Two Pareto curves for ~39,000 grocery SKUs. Left: cumulative revenue share. Right: cumulative basket-reach share (number of distinct baskets containing the SKU). Dashed lines at 80% and 95% mark the A/B/C boundaries. Both curves are steep — fewer than 20% of SKUs account for 80% of either metric. Data: Dunnhumby Complete Journey, GROCERY department. — Figure 1: Cumulative revenue and basket-reach share across the Dunnhumby GROCERY SKUs.

C-rank revenue is the entrance to the candidate pool, not the exit. Step 2 determines which candidates are lower-risk test candidates and which need a more cautious test design.

Step 2: Substitution check, “Will the demand stay?”

For each C-rank candidate, the critical question is: if we remove this product, will customers buy something else from us, or will they leave the store?

If close substitutes exist among the higher-performing products in the remaining assortment, removal carries lower risk—demand is more likely to redirect rather than leave the store. But basket co-occurrence is a proxy, not proof: two products that rarely appear in the same basket might simply serve different shopping occasions or customer segments rather than being true substitutes. The matched-store test in the next section is what turns this hypothesis into evidence.

Using Lift from basket analysis. Basket analysis examines which products are purchased together. Lift measures whether two products co-occur more or less often than expected by chance:

\[\text{Lift}(A, B) = \frac{P(A \cap B)}{P(A) \times P(B)}\]

Lift > 1 signals complementarity (bought together), Lift ≈ 1 signals independence, and Lift < 1 signals substitution (one instead of the other). Here we use Lift in reverse: Lift < 1 between two products in the same sub-category suggests substitution, and Lift = 0 (zero co-occurrence) is the strongest signal. The same-subcategory constraint is critical—without it, low Lift could simply mean the products serve different needs entirely (e.g., cereal vs. pasta). Within a sub-category, low co-occurrence is more likely to reflect genuine interchangeability. Additionally, the companion notebook restricts substitute candidates to peers that are A- or B-rank by revenue OR by basket reach, ensuring the substitute has either enough revenue volume or enough shopper reach to absorb redirected demand.

Note that low co-occurrence is a proxy for substitutability, not proof. It tells us customers rarely buy both in the same trip, which is consistent with substitution but also with differences in shopping occasions or customer segments.
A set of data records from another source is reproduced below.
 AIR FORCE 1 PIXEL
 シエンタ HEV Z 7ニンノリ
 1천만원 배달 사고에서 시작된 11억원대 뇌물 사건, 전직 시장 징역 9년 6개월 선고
The real test of whether demand stays in-store comes from the matched-store experiment described below.

We compute pairwise Lift directly from basket co-occurrence rather than mining frequent itemsets with FP-Growth. FP-Growth’s min_support threshold silently drops sparse C-rank products, exactly the candidates we need to evaluate. Pairwise Lift handles sparse products naturally: zero co-occurrence is the strongest substitution signal.

Full Implementation: build_substitution_map

Code

from collections import defaultdict

def build_substitution_map(
    basket_sets, candidates, subcat_map, total_baskets,
    high_rank_skus=None, lift_threshold=0.8,
):
    """
    Identify substitutes for each candidate SKU using pairwise Lift.
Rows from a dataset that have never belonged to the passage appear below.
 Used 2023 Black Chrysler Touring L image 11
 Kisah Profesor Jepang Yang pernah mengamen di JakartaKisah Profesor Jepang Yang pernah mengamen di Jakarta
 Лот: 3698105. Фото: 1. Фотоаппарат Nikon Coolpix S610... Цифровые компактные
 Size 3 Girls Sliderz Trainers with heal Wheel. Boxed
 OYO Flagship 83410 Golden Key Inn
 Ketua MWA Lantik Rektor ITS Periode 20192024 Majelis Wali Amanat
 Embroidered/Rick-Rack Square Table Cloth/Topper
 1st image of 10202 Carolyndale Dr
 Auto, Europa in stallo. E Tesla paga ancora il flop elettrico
    Lift(A,B) = P(A ∩ B) / (P(A) × P(B)).
    A substitute is a same-subcategory peer with Lift < threshold.
    Zero co-occurrence is treated as the strongest substitution signal.

    If `high_rank_skus` is supplied (the set of SKUs that are A/B-rank
    on revenue OR A/B-rank on basket reach), the substitute pool is
    restricted to that set — a peer needs either enough revenue volume
    or enough shopper reach to credibly absorb redirected demand.

    Parameters
    ----------
    basket_sets : dict mapping sku -> set of basket_ids
    candidates : DataFrame with column 'sku'
    subcat_map : dict mapping sku -> subcategory
    total_baskets : int, total number of baskets
    high_rank_skus : set of SKUs eligible as substitutes
                     (A/B revenue or A/B basket reach).  If None,
                     no rank filter is applied.
    lift_threshold : Lift below this indicates substitution

    Returns
    -------
    dict: {candidate_sku: [{"substitute": sku, "lift": float, "method": str}, ...]}
    """
    # Group products by sub-category
    subcat_groups = defaultdict(set)
    for sku in basket_sets:
        sc = subcat_map.get(sku, '')
        if sc:
            subcat_groups[sc].add(sku)

    candidate_ids = set(candidates['sku'])
    substitution_map = {}

    for cand_id in candidate_ids & set(basket_sets):
        cand_subcat = subcat_map.get(cand_id, '')
        if not cand_subcat:
            continue
        cand_baskets = basket_sets[cand_id]
        if len(cand_baskets) < 5:
            continue

        peers = subcat_groups.get(cand_subcat, set()) - {cand_id}
        # Restrict to peers that can absorb redirected demand —
        # high on revenue OR high on basket reach.
        if high_rank_skus is not None:
            peers = peers & high_rank_skus

        subs = []
        for peer_id in peers:
            peer_baskets = basket_sets.get(peer_id, set())
            if len(peer_baskets) < 5:
                continue

            co_occur = len(cand_baskets & peer_baskets)
            if co_occur == 0:
                # Never bought together → strong substitution signal
                subs.append({"substitute": peer_id, "lift": 0.0,
                             "method": "zero_cooccurrence"})
            else:
                p_cand = len(cand_baskets) / total_baskets
                p_peer = len(peer_baskets) / total_baskets
                lift = (co_occur / total_baskets) / (p_cand * p_peer)
                if lift < lift_threshold:
                    subs.append({"substitute": peer_id, "lift": round(lift, 3),
                                 "method": "lift"})

        if subs:
            substitution_map[cand_id] = subs

    return substitution_map


# Build the high-rank substitute pool from the ABC table.
high_rank_skus = set(
    sku_summary[
        sku_summary['abc_revenue'].isin(['A', 'B'])
        | sku_summary['abc_basket_reach'].isin(['A', 'B'])
    ]['sku']
)

Cross-price elasticity as reinforcement. If cross-price elasticity data is available, positive cross-price elasticity between two products confirms substitution: when product A’s price goes up, product B’s quantity goes up. Treat it as a bonus signal, not a requirement.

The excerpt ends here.